[Exercise data Boundary: Start]
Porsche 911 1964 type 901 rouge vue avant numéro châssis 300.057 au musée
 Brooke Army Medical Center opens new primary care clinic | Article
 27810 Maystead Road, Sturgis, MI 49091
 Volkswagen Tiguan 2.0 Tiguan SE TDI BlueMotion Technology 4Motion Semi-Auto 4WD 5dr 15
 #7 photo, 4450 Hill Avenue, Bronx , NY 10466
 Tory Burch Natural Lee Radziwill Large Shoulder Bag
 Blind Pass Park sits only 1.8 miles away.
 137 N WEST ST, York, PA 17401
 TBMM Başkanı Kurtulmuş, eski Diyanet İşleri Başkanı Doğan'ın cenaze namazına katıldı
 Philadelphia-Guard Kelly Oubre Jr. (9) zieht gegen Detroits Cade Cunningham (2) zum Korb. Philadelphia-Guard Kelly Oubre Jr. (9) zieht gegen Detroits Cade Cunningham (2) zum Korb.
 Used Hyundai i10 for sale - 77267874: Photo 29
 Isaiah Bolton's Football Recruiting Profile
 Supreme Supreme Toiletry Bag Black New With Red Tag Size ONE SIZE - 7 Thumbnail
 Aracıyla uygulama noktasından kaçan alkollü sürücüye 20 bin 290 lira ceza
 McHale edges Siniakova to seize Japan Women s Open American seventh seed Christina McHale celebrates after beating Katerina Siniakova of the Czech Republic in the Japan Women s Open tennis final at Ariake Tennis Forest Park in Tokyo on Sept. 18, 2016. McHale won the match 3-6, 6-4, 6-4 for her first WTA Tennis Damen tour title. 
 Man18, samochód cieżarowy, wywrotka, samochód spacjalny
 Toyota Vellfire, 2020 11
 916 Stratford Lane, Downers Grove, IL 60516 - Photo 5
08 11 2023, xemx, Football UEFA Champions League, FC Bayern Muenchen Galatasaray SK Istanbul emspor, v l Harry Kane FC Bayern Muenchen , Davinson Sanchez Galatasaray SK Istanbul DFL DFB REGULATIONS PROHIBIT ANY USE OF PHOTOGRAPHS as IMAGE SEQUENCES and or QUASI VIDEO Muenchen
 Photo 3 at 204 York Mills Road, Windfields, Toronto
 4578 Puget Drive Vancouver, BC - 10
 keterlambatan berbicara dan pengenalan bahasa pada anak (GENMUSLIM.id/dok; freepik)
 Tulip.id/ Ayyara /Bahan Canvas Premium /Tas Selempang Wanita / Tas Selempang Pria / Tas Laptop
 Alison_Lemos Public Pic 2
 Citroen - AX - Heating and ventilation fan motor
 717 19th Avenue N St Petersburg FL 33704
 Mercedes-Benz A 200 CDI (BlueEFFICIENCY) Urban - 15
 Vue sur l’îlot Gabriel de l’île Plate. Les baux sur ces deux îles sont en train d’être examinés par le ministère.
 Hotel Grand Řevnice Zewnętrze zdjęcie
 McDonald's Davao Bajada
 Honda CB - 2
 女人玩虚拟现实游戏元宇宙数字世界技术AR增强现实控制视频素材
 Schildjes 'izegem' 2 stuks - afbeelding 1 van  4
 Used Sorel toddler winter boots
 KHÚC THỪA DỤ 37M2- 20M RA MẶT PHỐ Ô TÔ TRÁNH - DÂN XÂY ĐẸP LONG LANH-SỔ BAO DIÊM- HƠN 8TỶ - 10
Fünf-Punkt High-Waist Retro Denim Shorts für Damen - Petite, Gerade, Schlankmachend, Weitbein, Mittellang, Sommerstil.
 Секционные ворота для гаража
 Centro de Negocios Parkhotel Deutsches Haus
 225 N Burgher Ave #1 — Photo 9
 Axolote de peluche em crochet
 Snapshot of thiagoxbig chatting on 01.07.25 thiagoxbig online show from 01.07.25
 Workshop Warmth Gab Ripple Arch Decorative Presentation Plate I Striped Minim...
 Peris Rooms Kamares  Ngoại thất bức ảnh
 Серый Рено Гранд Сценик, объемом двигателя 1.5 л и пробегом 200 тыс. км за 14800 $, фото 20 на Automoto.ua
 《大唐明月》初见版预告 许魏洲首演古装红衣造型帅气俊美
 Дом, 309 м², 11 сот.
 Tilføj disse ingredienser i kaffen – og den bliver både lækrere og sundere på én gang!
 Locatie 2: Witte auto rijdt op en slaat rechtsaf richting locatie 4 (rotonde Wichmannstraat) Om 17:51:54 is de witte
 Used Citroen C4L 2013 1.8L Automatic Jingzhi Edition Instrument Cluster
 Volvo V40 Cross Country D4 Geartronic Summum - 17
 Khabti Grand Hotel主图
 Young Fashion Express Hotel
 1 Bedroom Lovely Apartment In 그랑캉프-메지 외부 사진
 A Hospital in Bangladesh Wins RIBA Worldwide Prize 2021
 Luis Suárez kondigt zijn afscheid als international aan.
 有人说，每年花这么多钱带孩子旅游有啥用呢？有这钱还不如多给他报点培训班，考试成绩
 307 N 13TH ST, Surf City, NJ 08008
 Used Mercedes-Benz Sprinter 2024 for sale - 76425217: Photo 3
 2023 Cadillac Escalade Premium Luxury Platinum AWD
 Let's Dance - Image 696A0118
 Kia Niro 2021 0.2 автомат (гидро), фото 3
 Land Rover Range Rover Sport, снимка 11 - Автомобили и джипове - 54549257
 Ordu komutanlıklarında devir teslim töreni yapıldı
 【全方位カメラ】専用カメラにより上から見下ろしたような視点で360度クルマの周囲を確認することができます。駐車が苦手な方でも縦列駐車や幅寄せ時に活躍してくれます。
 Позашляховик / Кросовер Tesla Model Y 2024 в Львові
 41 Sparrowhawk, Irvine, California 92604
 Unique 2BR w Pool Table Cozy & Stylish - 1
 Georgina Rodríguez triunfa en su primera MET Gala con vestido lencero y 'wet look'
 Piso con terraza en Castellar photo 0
[Exercise data Boundary: End]
Problem description: Transcribe every entry word for word.

Your response:
Porsche 911 1964 type 901 rouge vue avant numéro châssis 300.057 au musée
 Brooke Army Medical Center opens new primary care clinic | Article
 27810 Maystead Road, Sturgis, MI 49091
 Volkswagen Tiguan 2.0 Tiguan SE TDI BlueMotion Technology 4Motion Semi-Auto 4WD 5dr 15
 #7 photo, 4450 Hill Avenue, Bronx , NY 10466
 Tory Burch Natural Lee Radziwill Large Shoulder Bag
 Blind Pass Park sits only 1.8 miles away.
 137 N WEST ST, York, PA 17401
 TBMM Başkanı Kurtulmuş, eski Diyanet İşleri Başkanı Doğan'ın cenaze namazına katıldı
 Philadelphia-Guard Kelly Oubre Jr. (9) zieht gegen Detroits Cade Cunningham (2) zum Korb. Philadelphia-Guard Kelly Oubre Jr. (9) zieht gegen Detroits Cade Cunningham (2) zum Korb.
 Used Hyundai i10 for sale - 77267874: Photo 29
 Isaiah Bolton's Football Recruiting Profile
 Supreme Supreme Toiletry Bag Black New With Red Tag Size ONE SIZE - 7 Thumbnail
 Aracıyla uygulama noktasından kaçan alkollü sürücüye 20 bin 290 lira ceza
 McHale edges Siniakova to seize Japan Women s Open American seventh seed Christina McHale celebrates after beating Katerina Siniakova of the Czech Republic in the Japan Women s Open tennis final at Ariake Tennis Forest Park in Tokyo on Sept. 18, 2016. McHale won the match 3-6, 6-4, 6-4 for her first WTA Tennis Damen tour title. 
 Man18, samochód cieżarowy, wywrotka, samochód spacjalny
 Toyota Vellfire, 2020 11
 916 Stratford Lane, Downers Grove, IL 60516 - Photo 5
08 11 2023, xemx, Football UEFA Champions League, FC Bayern Muenchen Galatasaray SK Istanbul emspor, v l Harry Kane FC Bayern Muenchen , Davinson Sanchez Galatasaray SK Istanbul DFL DFB REGULATIONS PROHIBIT ANY USE OF PHOTOGRAPHS as IMAGE SEQUENCES and or QUASI VIDEO Muenchen
 Photo 3 at 204 York Mills Road, Windfields, Toronto
 4578 Puget Drive Vancouver, BC - 10
 keterlambatan berbicara dan pengenalan bahasa pada anak (GENMUSLIM.id/dok; freepik)
 Tulip.id/ Ayyara /Bahan Canvas Premium /Tas Selempang Wanita / Tas Selempang Pria / Tas Laptop
 Alison_Lemos Public Pic 2
 Citroen - AX - Heating and ventilation fan motor
 717 19th Avenue N St Petersburg FL 33704
 Mercedes-Benz A 200 CDI (BlueEFFICIENCY) Urban - 15
 Vue sur l’îlot Gabriel de l’île Plate. Les baux sur ces deux îles sont en train d’être examinés par le ministère.
 Hotel Grand Řevnice Zewnętrze zdjęcie
 McDonald's Davao Bajada
 Honda CB - 2
 女人玩虚拟现实游戏元宇宙数字世界技术AR增强现实控制视频素材
 Schildjes 'izegem' 2 stuks - afbeelding 1 van  4
 Used Sorel toddler winter boots
 KHÚC THỪA DỤ 37M2- 20M RA MẶT PHỐ Ô TÔ TRÁNH - DÂN XÂY ĐẸP LONG LANH-SỔ BAO DIÊM- HƠN 8TỶ - 10
Fünf-Punkt High-Waist Retro Denim Shorts für Damen - Petite, Gerade, Schlankmachend, Weitbein, Mittellang, Sommerstil.
 Секционные ворота для гаража
 Centro de Negocios Parkhotel Deutsches Haus
 225 N Burgher Ave #1 — Photo 9
 Axolote de peluche em crochet
 Snapshot of thiagoxbig chatting on 01.07.25 thiagoxbig online show from 01.07.25
 Workshop Warmth Gab Ripple Arch Decorative Presentation Plate I Striped Minim...
 Peris Rooms Kamares  Ngoại thất bức ảnh
 Серый Рено Гранд Сценик, объемом двигателя 1.5 л и пробегом 200 тыс. км за 14800 $, фото 20 на Automoto.ua
 《大唐明月》初见版预告 许魏洲首演古装红衣造型帅气俊美
 Дом, 309 м², 11 сот.
 Tilføj disse ingredienser i kaffen – og den bliver både lækrere og sundere på én gang!
 Locatie 2: Witte auto rijdt op en slaat rechtsaf richting locatie 4 (rotonde Wichmannstraat) Om 17:51:54 is de witte
 Used Citroen C4L 2013 1.8L Automatic Jingzhi Edition Instrument Cluster
 Volvo V40 Cross Country D4 Geartronic Summum - 17
 Khabti Grand Hotel主图
 Young Fashion Express Hotel
 1 Bedroom Lovely Apartment In 그랑캉프-메지 외부 사진
 A Hospital in Bangladesh Wins RIBA Worldwide Prize 2021
 Luis Suárez kondigt zijn afscheid als international aan.
 有人说，每年花这么多钱带孩子旅游有啥用呢？有这钱还不如多给他报点培训班，考试成绩
 307 N 13TH ST, Surf City, NJ 08008
 Used Mercedes-Benz Sprinter 2024 for sale - 76425217: Photo 3
 2023 Cadillac Escalade Premium Luxury Platinum AWD
 Let's Dance - Image 696A0118
 Kia Niro 2021 0.2 автомат (гидро), фото 3
 Land Rover Range Rover Sport, снимка 11 - Автомобили и джипове - 54549257
 Ordu komutanlıklarında devir teslim töreni yapıldı
 【全方位カメラ】専用カメラにより上から見下ろしたような視点で360度クルマの周囲を確認することができます。駐車が苦手な方でも縦列駐車や幅寄せ時に活躍してくれます。
 Позашляховик / Кросовер Tesla Model Y 2024 в Львові
 41 Sparrowhawk, Irvine, California 92604
 Unique 2BR w Pool Table Cozy & Stylish - 1
 Georgina Rodríguez triunfa en su primera MET Gala con vestido lencero y 'wet look'
 Piso con terraza en Castellar photo 0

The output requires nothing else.